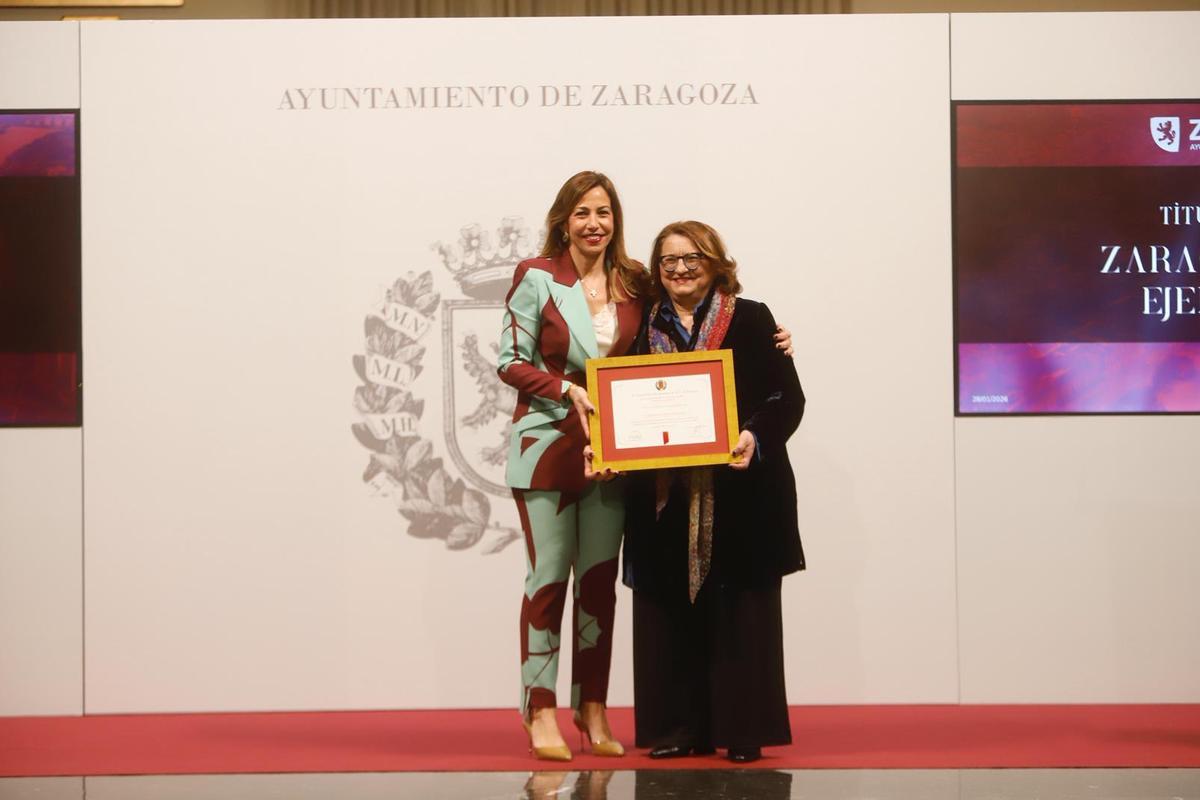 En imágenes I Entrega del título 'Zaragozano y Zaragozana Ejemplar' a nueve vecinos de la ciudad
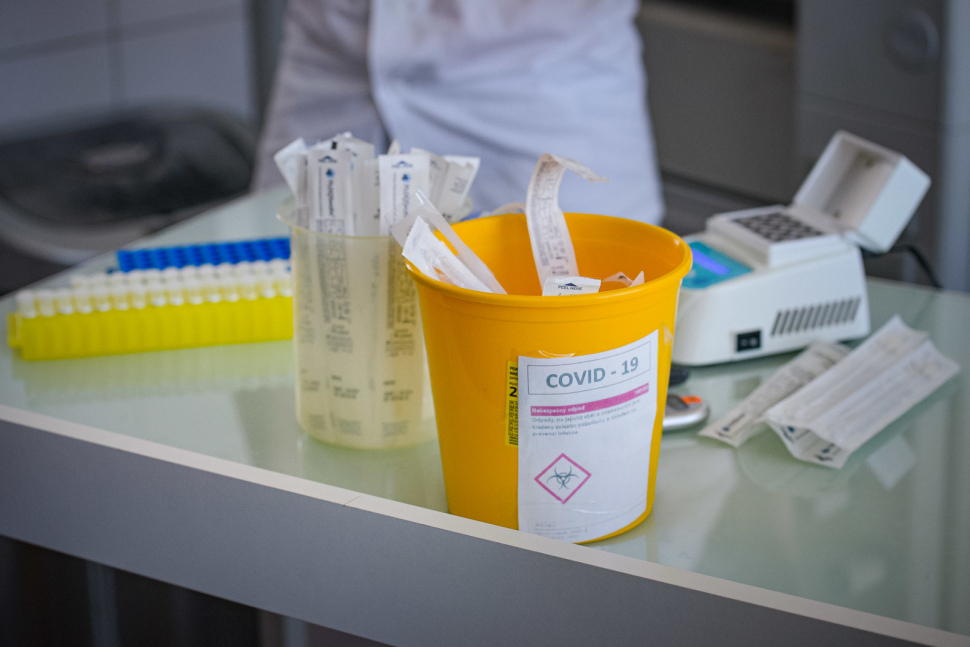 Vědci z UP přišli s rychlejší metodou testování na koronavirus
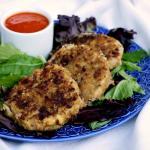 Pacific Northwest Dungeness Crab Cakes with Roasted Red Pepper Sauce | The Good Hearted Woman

--*--

#### [WHAT YOU HAVE TO DO]
Before you return the listing exactly, strip out its pictures.

#### [REPLY TO THE EXERCISE]
 En imágenes I Entrega del título 'Zaragozano y Zaragozana Ejemplar' a nueve vecinos de la ciudad
 Vědci z UP přišli s rychlejší metodou testování na koronavirus
 Pacific Northwest Dungeness Crab Cakes with Roasted Red Pepper Sauce | The Good Hearted Woman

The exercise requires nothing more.